Pour leur 26e édition, les Boutographies réunissent, au Pavillon Populaire de Montpellier, dix-huit photographes européens sélectionnés parmi plus de 600 dossiers. Entre argentique travaillé en chambre noire, archives fictives générées par intelligence artificielle et séries documentaires sur les prisons ou les mariages arrangés, l’exposition offre un panorama aussi varié qu’exigeant de la création photographique contemporaine. Jusqu’au 31 mai.
Une sélection rigoureuse
Ce sont encore plus de 600 dossiers qui sont parvenus à l’équipe des Boutographies et au jury de cette 26e édition qui donne un éclairage vivifiant sur la photographie européenne. Mais il n’y a eu que 18 élus : sept qui voient leurs clichés accrochés au Pavillon populaire et onze dont les œuvres sont projetées sous format vidéo dans ce même pavillon. Comme chaque année, cette exposition principale permet de favoriser une diversité d’approches photographiques : entre le travail qui peut être documentaire, historique, social, onirique, critique ou tout simplement esthétique.

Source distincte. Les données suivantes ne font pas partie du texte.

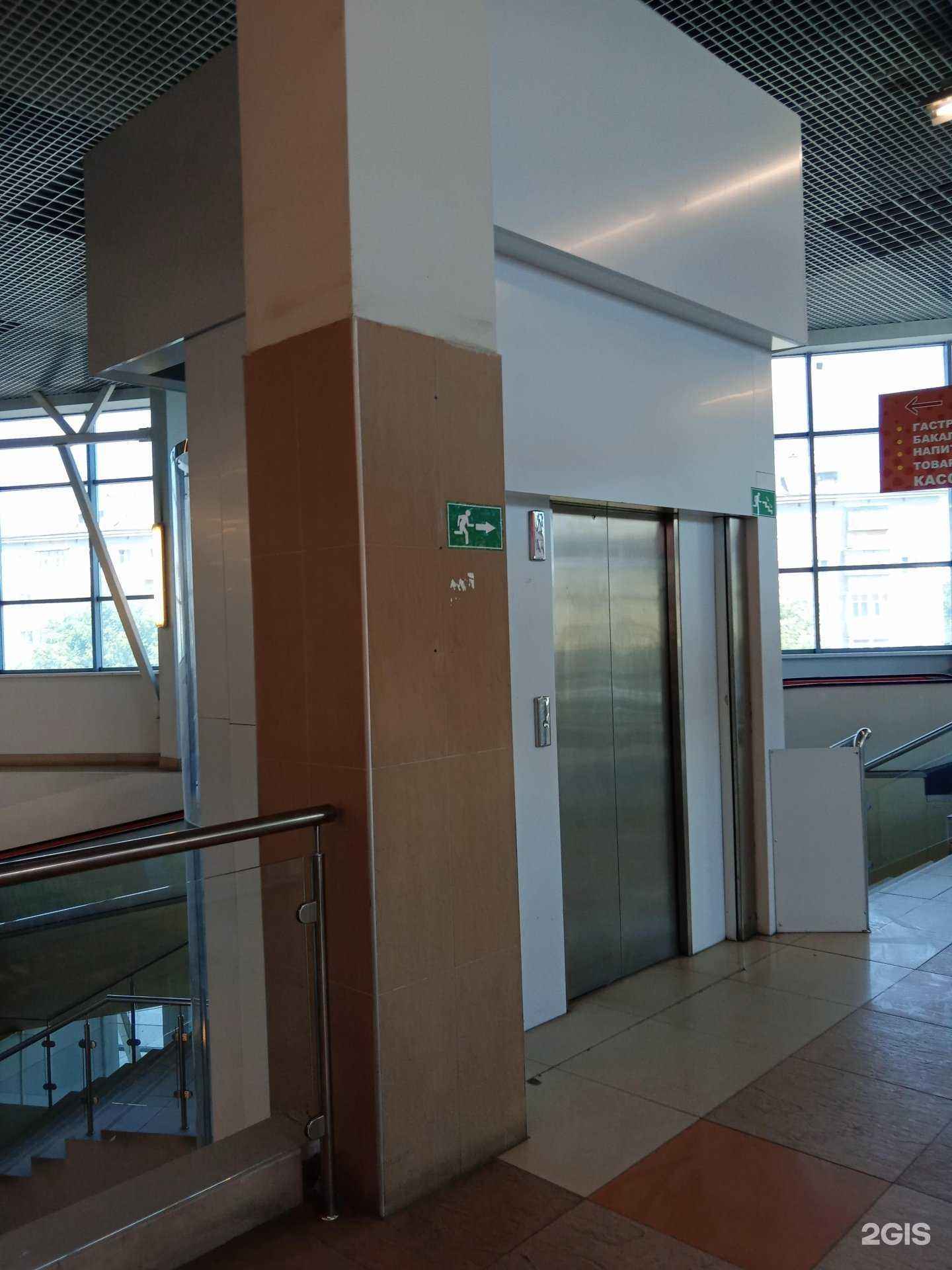 Отзывы на компанию Черное&белое в Каменске-Уральском c фото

De l’argentique à l’intelligence artificielle
"On aime bien aller d’un bout à l’autre d’un éventail qui va de la photo numérique ultra-artificielle jusqu’à la photo argentique travaillée en laboratoire", affirme Christian Maccotta, le directeur artistique, quand il est devant le travail d’Alessandro Silverj. Le photographe italien, qui mène une réflexion sur la violence faite aux femmes à travers le prisme de l’histoire italienne, de l’Inquisition jusqu’aux expérimentations scientifiques du XIXe siècle, a manipulé ses propres clichés ainsi que des documents d’archives en chambre noire pour obtenir un rendu homogène et intemporel. Une réussite.
Quand l’archive devient fiction
De l’autre côté de ce prisme de laboratoire, la série Sherry Airlines de Pascal Sgro. Le Belge a créé les archives fictives d’une compagnie aérienne des années 1950-1960. Il a développé avec un ami un outil d’IA capable de s’inspirer de son esthétique documentaire — notamment son usage caractéristique du flash et ses palettes de couleurs — pour le transposer dans une image presque publicitaire. On flirte étrangement avec le dessin.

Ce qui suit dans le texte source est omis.